As we all know, English is a notoriously difficult language as regards the pronunciation. Even English speakers themselves get a little tongue-tied and confused at times, mistaking things like numbers (fifty/fifteen) easily, and using incorrect pronunciation on a daily basis. Learning to read as a child is not as easy for English children – they must link sounds together into ‘phonemes’ and learn not to read the word literally, something which hinders many who learn English as a second language, as, helpfully, in their own language, the words are written almost exactly as they are pronounced. The English language only contains 26 letters of the alphabet, but the sounds made in spoken English amount to around 44.
The irregularities rise from years and years of outside influence upon the language – from Viking invasions to Roman occupation, the English language has become very adaptive and easily changes, accepting new words quickly. The Norman conquest made English appear more like a romance language rather than the ‘barbarian’ Germanic language it had once looked like, even though the sounds themselves often stayed the same. The Oxford English dictionary lists over 250.000 words, giving English one of the widest vocabularies across the world: largely because the words have come from two different language families, as English keeps borrowing, changing, and converting words.
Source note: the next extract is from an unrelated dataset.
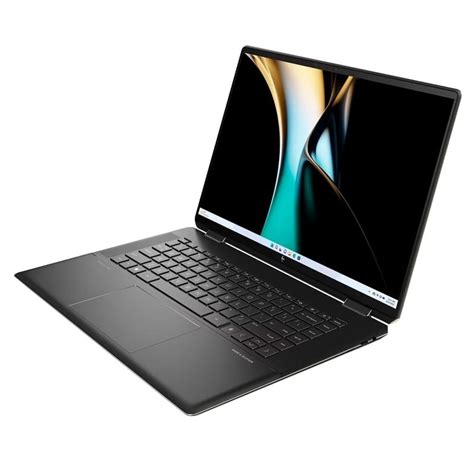 Ультрабук HP Spectre x360 16-f2001ci Ci7 1360P / 32ГБ / 2000SSD / 16 ...
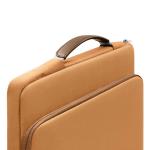 Geanta universala laptop 14 inch Tomtoc Defender A14, Bronze 6 - lerato.ro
A Dutch poet named G. Nolst Trenité beautifully captured how terrible the English language is as regards pronunciation in his poem ‘The Chaos’, which was published in 1920 and attempted to show Nolst’s, and indeed language learners in general’s frustration at attempting to master English pronunciation. I include a few exerts from the poem in order to demonstrate how awful sight-reading in English can be…and I assure you, even I struggle with some of the pronunciation in this poem!
‘Sword and sward, retain and Britain
(Mind the latter how it’s written).
Made has not the sound of bade,
Say-said, pay-paid, laid but plaid.
Now I surely will not plague you
With such words as vague and ague,
But be careful how you speak,
Say: gush, bush, steak, streak, break, bleak ,
Previous, precious, fuchsia, via
Recipe, pipe, studding-sail, choir;
Woven, oven, how and low,
Script, receipt, shoe, poem, toe.’
The true English test could be to read this poem from beginning to end without faltering – I don’t think I could pass, and to prove this, I tried myself. Recording myself on YouTube was an attempt to show language-learners that even English speakers themselves struggle at times, so we shouldn’t be disheartened by our pronunciation; we should tackle the challenge!